When I returned from being on medical leave with being out with the flu for 4 days, I was terminated from my job. Also, when I claimed my unemployment, they denied my benefits and stated that I was given a verbal and a written warning. I never signed any paper in regards to a warning. Last but not least when I was promoted to the department I got a pay raise to $13.25 and hour. In September they brought on another member to the team with no experience and she was making $16.00. When I brought it up that I was making less, they blew me off. I feel very discriminated and not sure if I have a case.
Personal Injury Lawyer
It is possible but a consultation is necessary to go over every fact and proof. Try to create a timeline prior to consultation and any evidence and/or witnesses.
973-984-0800. Please be advised my answers to questions does not constitute legal advice and you should not rely on it, due to the fact that we have never met, I have not been aprised of the facts in you case nor have I reviewed any documents.
Employment / Labor Attorney
It is unlawful to interfere with an employee's rights under the Family and Medical Leave Act ("FMLA").

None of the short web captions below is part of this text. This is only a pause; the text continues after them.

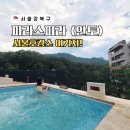 팀버제이 | 서울 파라스파라 호텔 안토 객실 수영장 후기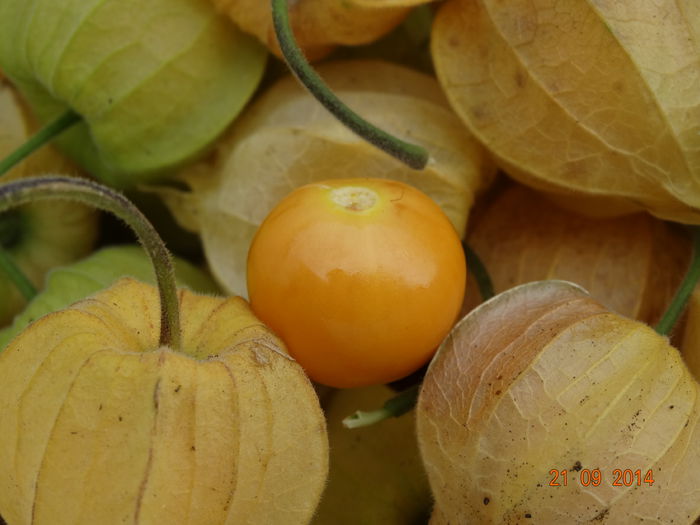 DSC07901 - physalis 2014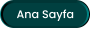 Ana Sayfa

If an employee is terminated within a short period following his or her FMLA leave, he or she may have a legitimate claim against the employer for violation of the anti-interference provision or anti-retaliation provision under the FMLA. An experienced employment law attorney may provide useful legal advice to an aggrieved employee during the course of an office consultation. Note, FMLA claims arise under federal law.

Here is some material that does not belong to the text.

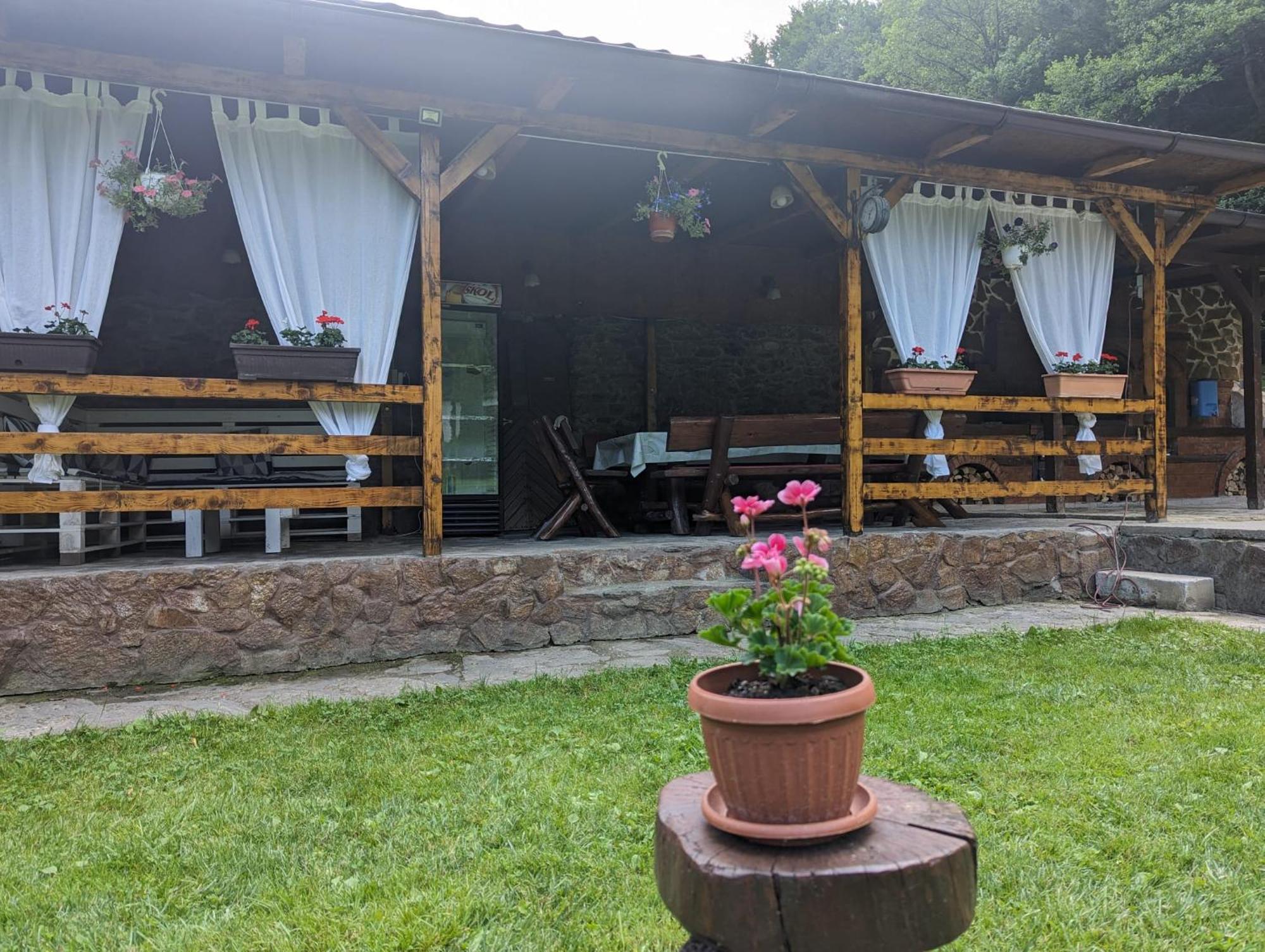 Casa Alex Villa Valiug Exterior photo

An employee may have grounds to appeal the denial of his or her application for unemployment benefits, when the denial is based upon the employer's unheeded, job performance "warnings." The employee should ensure the the appeal is correctly and timely filed with the unemployment agency. Note, unemployment benefit claims arise under state law.
Moreover, an employee may have an FMLA interference claim against an employer that opposes his or her application for unemployment benefits within a couple of months following the employee's exercise of rights that are protected under the FMLA.
This statement is intended for general informational purposes only. It does not constitute legal advice. It does not create an attorney-client relationship between the reader/questioner and the responding lawyer.
It sounds like you were rightly fired for cause.Employers have every right to expect and demand attendance to work...or be fired.
Advice provided is general in nature and should not be relied upon without retaining qualified and experienced legal counsel who is able to review in details the precise facts and details of your legal matter.The law firm of Hanlon Niemann and fredrick p niemann disclaims any express or implied guarantees or warranties associated with this response.
Employment / Labor Attorney
You may have an FMLA claim. You may have been fired for cause and thus have no claim. Speak to a lawyer regarding the details of your case.
Disclaimer: Any information provided through this forum is meant merely for informational purposes and is not legal/medical/tax advice. No attorney-client relationship exists as a result of this communication and to establish such a relationship, a potential client must enter into a written contract with the attorney. This attorney has not agreed to handle your case, nor will he do so until you have signed a written retainer agreement which outlines the obligations of both parties.